MARCELO MÁRIO DE MELO -
Um redobrar de sobrecargas e exigências se impõe sobre o ofício de professor do ensino fundamental e médio. Sob o império do discurso da educação como via condutora – ou varinha mágica - para solucionar todos os problemas da vida. Da atualização econômica, segundo os patamares da globalização, à redução da violência. Passando por educação ambiental, sexual, no trânsito, para o mercado, a cidadania e a cultura de paz etc.

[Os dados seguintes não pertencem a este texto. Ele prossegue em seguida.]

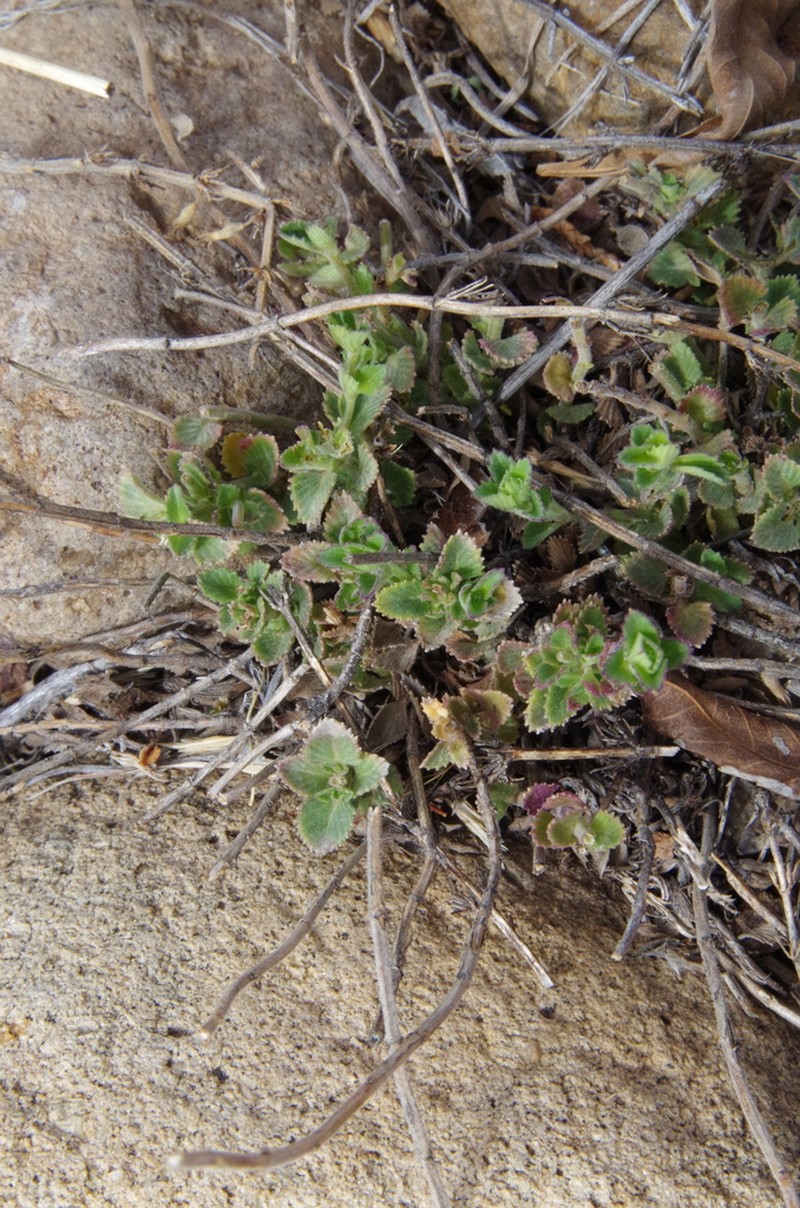 Veiny False Pennyroyal photo 2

Novas disciplinas obrigatórias engrossam as exigências curriculares, a exemplo de linguagens artísticas, cultura afro-brasileira, filosofia, sociologia. Multiplicam-se os temas transversais a serem tratados no processo de ensino-aprendizagem, sob o discurso da interdisciplinaridade e da transdisciplinaridade. Mas faltam providências para que os professores sejam capacitados e tenham acesso aos instrumentos e meios para atender às novas demandas.
A informática se constitui em adicional de sobrecarga e tensão, pois, em geral, os professores são analógicos e os alunos digitais, instalando-se aí uma séria dificuldade técnológico-cognitiva e comunicativa no processo pedagógico. As escolas também estão defasadas na sua infra-estrutura de informática. Assim como sempre estiveram no que diz respeito a bibliotecas escolares e laboratórios, nos tempos da máquina de escrever e do audiofone. Acumulam-se as desatualizações.

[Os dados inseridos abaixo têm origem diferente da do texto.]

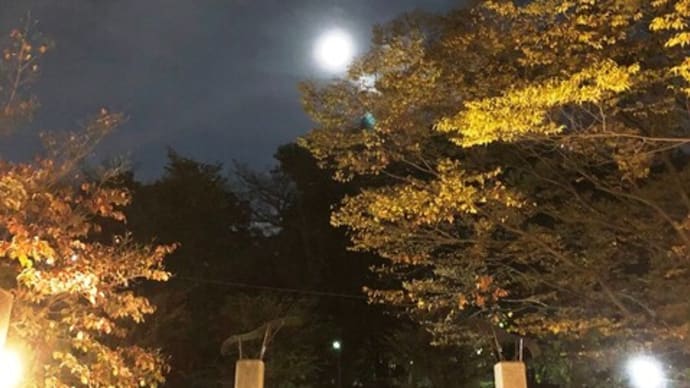 2021年 秋の衣替え🐥☆彡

Hoje, como ontem, as pressões empresariais e tecnoburocráticas, requerendo mão de obra qualificada para as novas vertentes da economia, reduzem o sistema de ensino a esse viés, amesquinhando o sentido maior da educação, que é propiciar saberes para a formação de pessoas livres, dotadas de espírito crítico e cosmovisão.
Paralelamente, a onda do gerencialismo coloca a ênfase nos métodos de acompanhamento e controle, nas premiações por resultados e na terceirização, descuidando da contratação e da formação do professor, do salário, da dimensão cultural da escola, dos equipamentos educativo-culturais, do compromisso mais amplo com a ilustração e a libertação.
A recorrência aos espaços e atribuições educacionais como moedas de troca de negociações políticas de cunho clientelista, também se em constitui em componente negativo nesse caldeirão.
Temos ainda a família desestruturada ou estressada, com pais e mães sob o mesmo teto, separados ou solteiros, trabalhando em dois ou três expedientes para atender às necessidades elementares de sobrevivência e às seduções do consumismo que lhes envolve e aos filhos. Questões ligadas a autoridade e limites, direitos e deveres, pertencentes ao âmbito familiar, não são aí tratadas e se projetam para a escola e a alçada do professor.
A escola inclusiva acolhe crianças especiais. E há aquelas carentes de acompanhamento psiquiátrico e/ou psicoterápico, assistidas ou não. Mas a escola não alarga a rede dos profissionais necessários à efetivação dessa nova atitude. O problema atinge, com maior ou menos gravidade, as escolas privada e pública, os alunos da burguesia, da classe média e da periferia.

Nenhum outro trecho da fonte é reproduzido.